Of course we can look at Saul and see that his actions and pride are somehow beneath us. So let's look at another leader. This one whom God chose to write His law for His people. Surprise, we see this same fatal pride, this same desire to edit the script, even in a man as great as Moses. Near the end of his life, when the people cried out for water, God gave him a command of beautiful simplicity: "Speak to the rock." What an astonishing opportunity to display the gentle, effortless power of God! But Moses was old, tired, and furious with the people. And so, he reverted to a previous script. Raising his staff, he bellowed, "Must we bring you water out of this rock?" and struck it twice. The pronoun is devastating: we. In that moment of anger, he made the story about himself.
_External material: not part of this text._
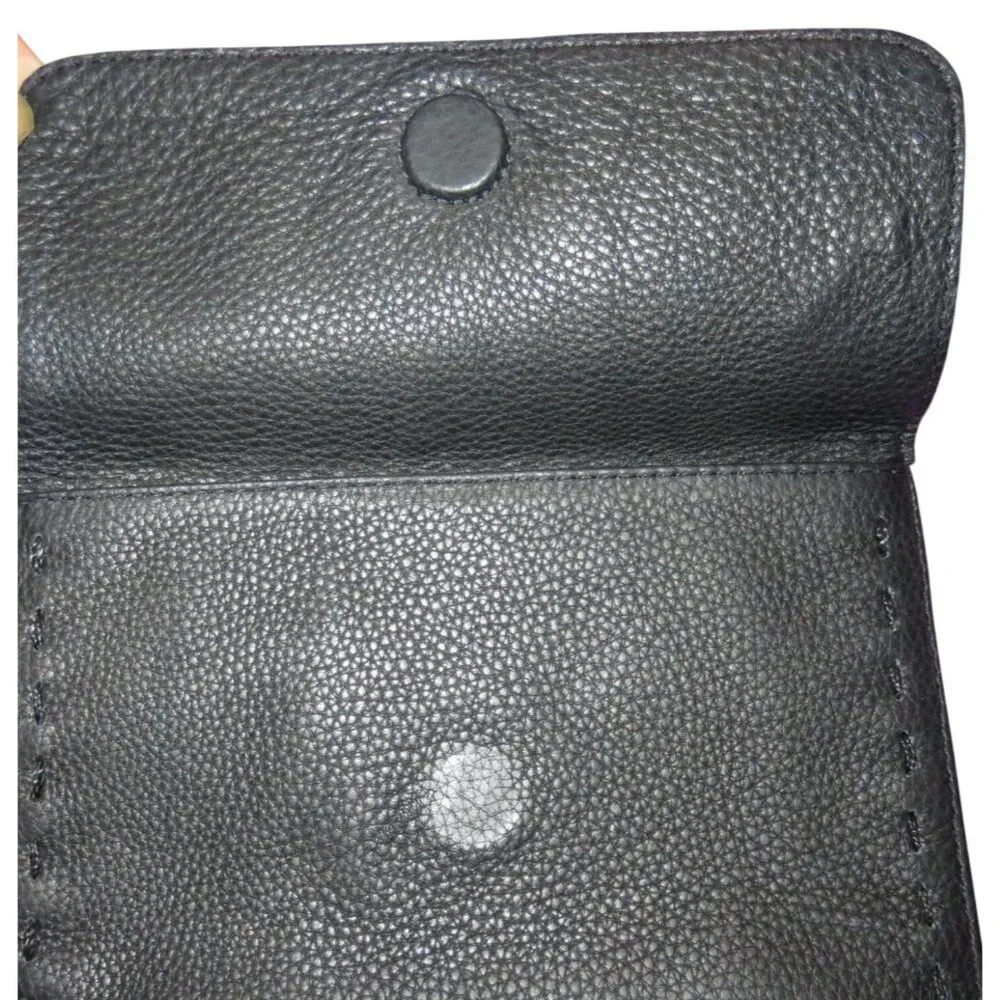 Fatto a Mano by Carlos Falchi Black Leather Top Handle satchel & matching wallet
He cast himself as the exasperated hero, not the humble vessel. He presented God not as a merciful provider, but as a grudging power to be wrestled with. Water came, yes, for God's mercy is larger than man's failure. But Moses, the editor, was barred from entering the land. His part in that chapter of the story was over.
I find myself drawn to these stories I think much in part to the relatability found here. The Scripture doesn't hold back from telling us the worst of these men whom God appointed to lead His chosen people. I find myself asking who am I going to be? My story is not over.
And so we find ourselves back where we started. Whether we are building a clever device to entertain children, investigating the origins of the world, or simply trying to live out our day, the fundamental question remains the same. Are we listeners, or are we editors? God is the author of the story. He does not ask for our brilliant rewrites, our dramatic improvisations, or our grand, self-directed sacrifices. He asks for something much simpler, and infinitely harder: our obedience. He asks that we trust His story is better than our own, and that we find our joy not in seizing the pen, but in faithfully playing the part He has written for us.
Disclaimer: I don't fully endorse "House of David" but I did enjoy what I have seen so far. What I appreciate most is that the story has made me want to dig into Scripture all the more. There are embellishments and some great liberties taken on the unknowns of scripture, but they do seem (so far) to be getting the parts explicitly found in Scripture correct.